Frieda is afraid of the big snake she has seen out the window. Gloria says that it’s nothing more than a river and urges Frieda to put on her glasses and go outside. Granny glasses perched on her ample nose, Frieda follows her bold buddy. Gloria, upper set of arms in the air, extols the beauty of the day. “Isn’t this a perfect morning?” she asks. “Absolutely not!” is Frieda’s refrain. She finds the morning frightening, and thinks they are being watched.
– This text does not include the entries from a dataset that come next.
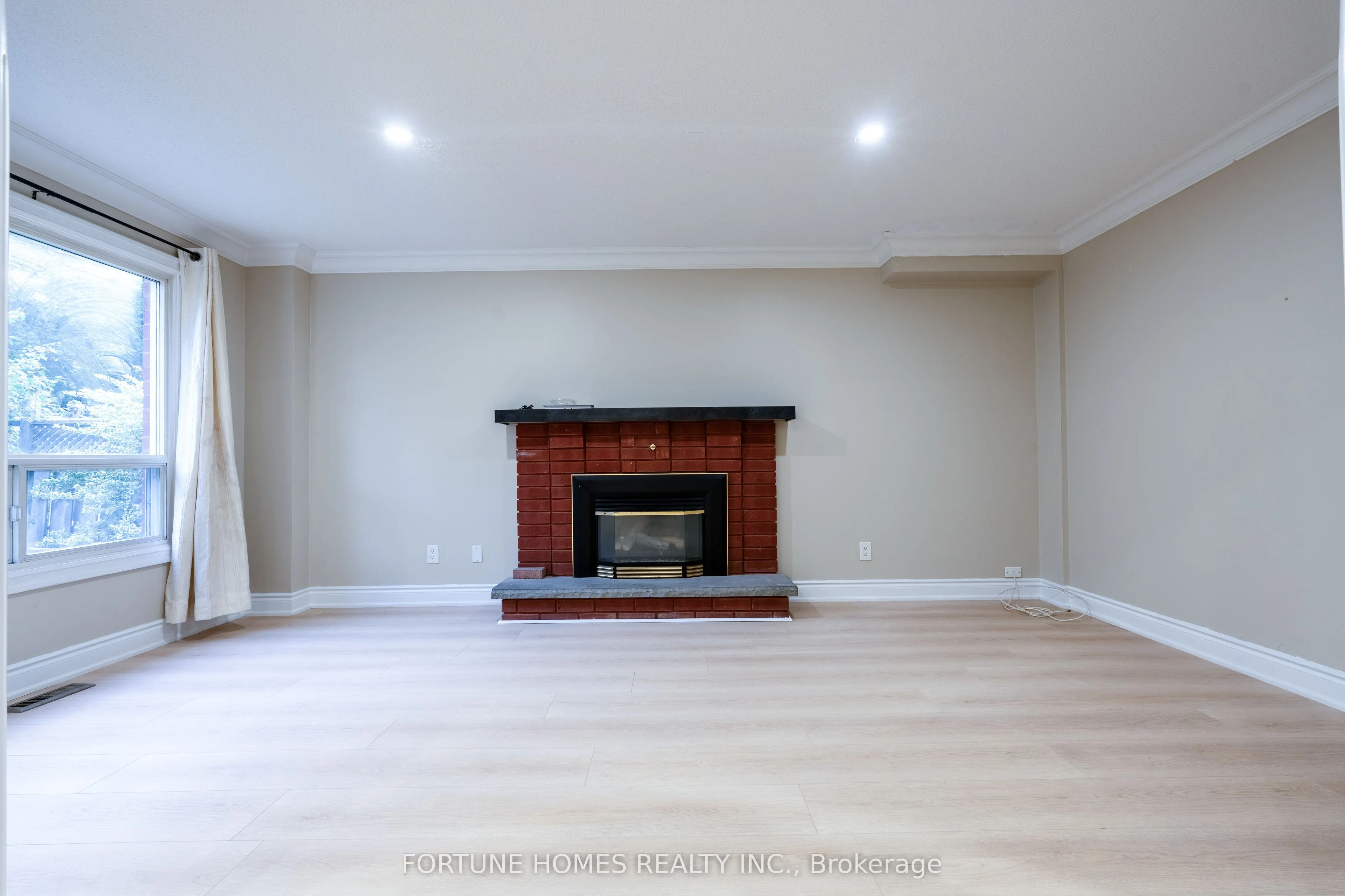90 Major William Sharpe Drive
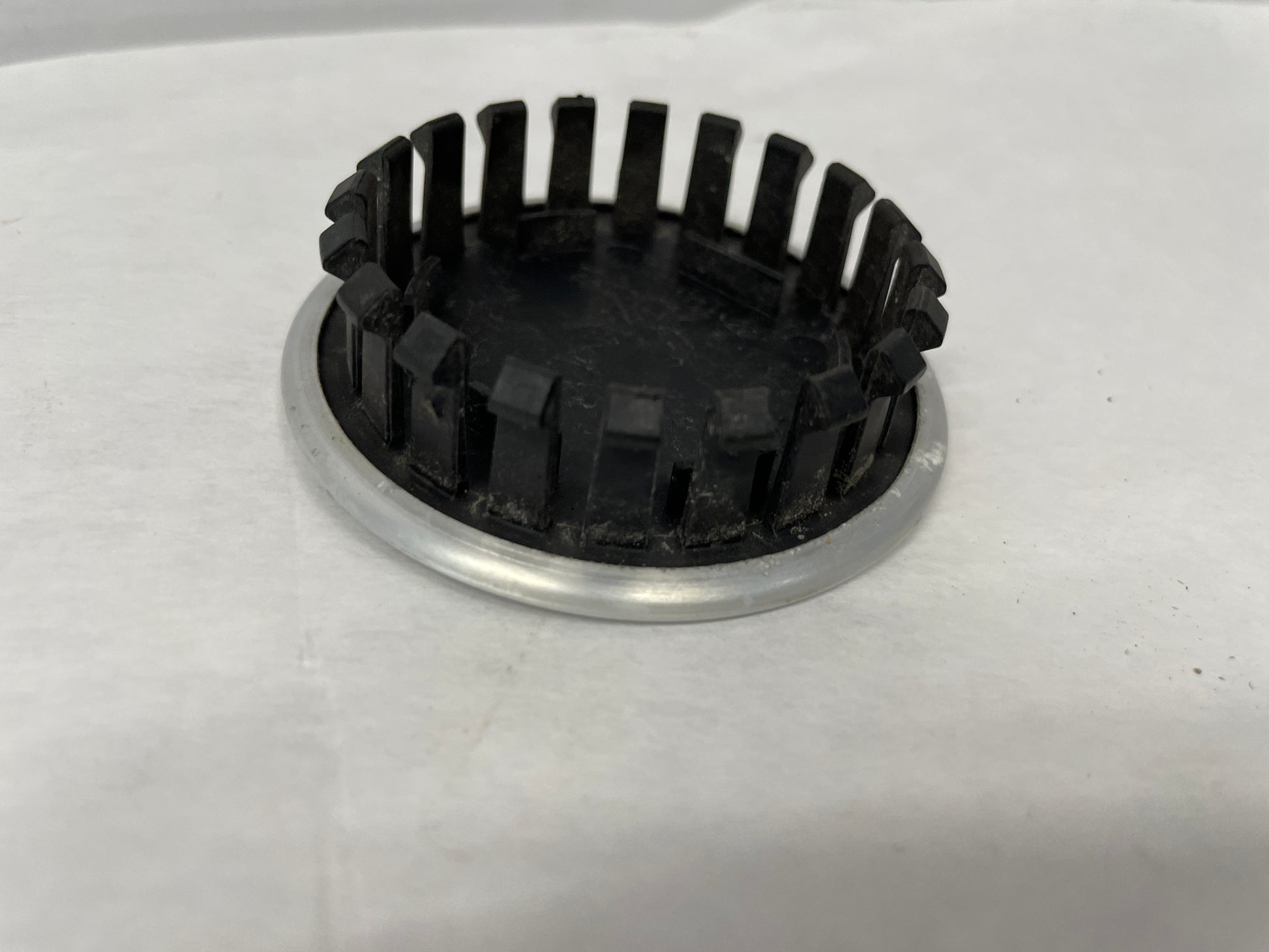 2018 Chevy Camaro SS Wheel Center Caps Silver OEM - Day's Parts Yard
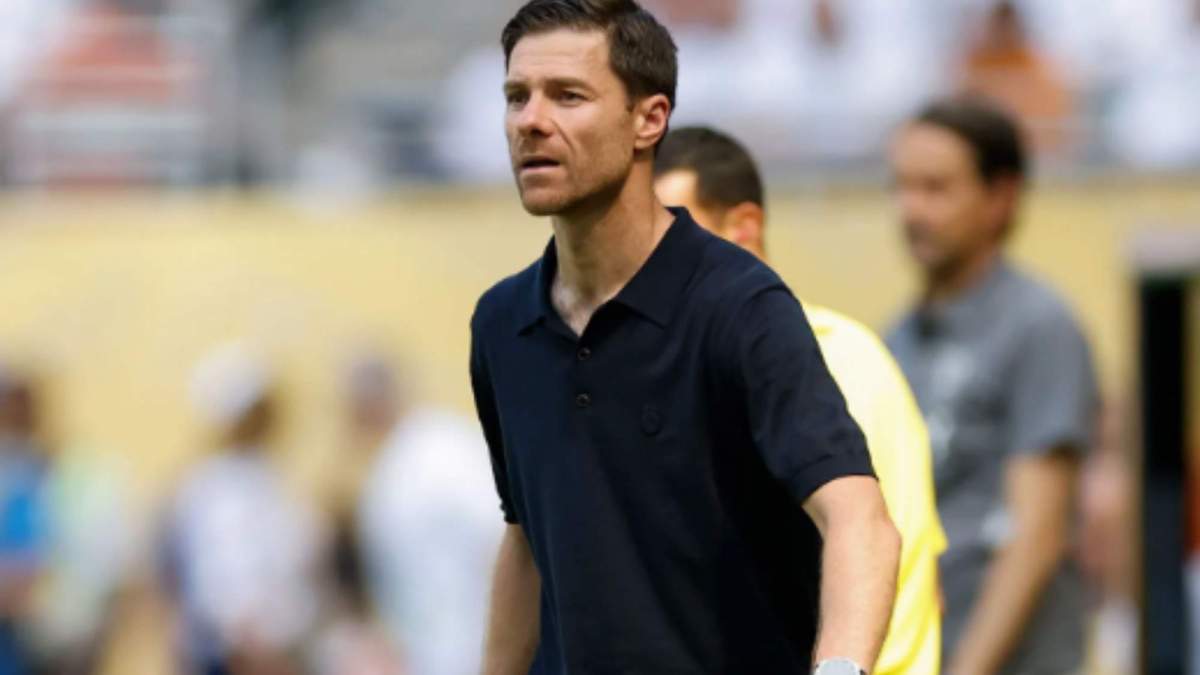 Xabi Alonso dirigiendo al Real Madrid contra el Al Hilal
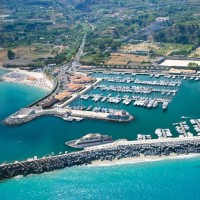 Hotel La Pineta the port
Readers can only speculate about what has the young bug worried. It could be anything from the clouds to the trees. No matter what Gloria sees as potentially fun or interesting, Frieda is fearful of it. Her imagination runs wild. She is afraid to jump in some leaves because frogs may be lurking there. An old log seems menacing. Gloria realizes that everything in the world, including a bicycle, looks dark and sinister to poor Frieda. “You find something bad in everything you see,” Gloria says.
As it gets late, Gloria suggests taking a shortcut through the woods. Frieda, predictably, is nervous about it, but has to admit that Gloria has been right about everything so far that day. She is even willing to acknowledge that she is a worrier. To prove her point, she explains that sometimes things remind her of other things, such as a certain pair of trees. This time, Frieda is right to be worried. The “trees” turn out to be the legs of a giant bird.
This is an absolutely winning combination of story and illustrations. McElligott has written and illustrated several previous children’s books, including Uncle Frank’s Pit and The Truth About Cousin Ernie’s Head. He illustrated The Spooky Book, and The Phantom Tollbooth. Charming details enhance the pencil-and-watercolor drawings. Frieda clutches a small purse in her lower “hands,” as if it offers security. Gloria’s posture suggests total self-confidence; Frieda’s shows her fears and worries.
The story’s resolution is a charming reminder that boldness must be tempered with caution at times, and that even worriers may be right in their assessments of danger. The book is an excellent vehicle for talking with children about their fears.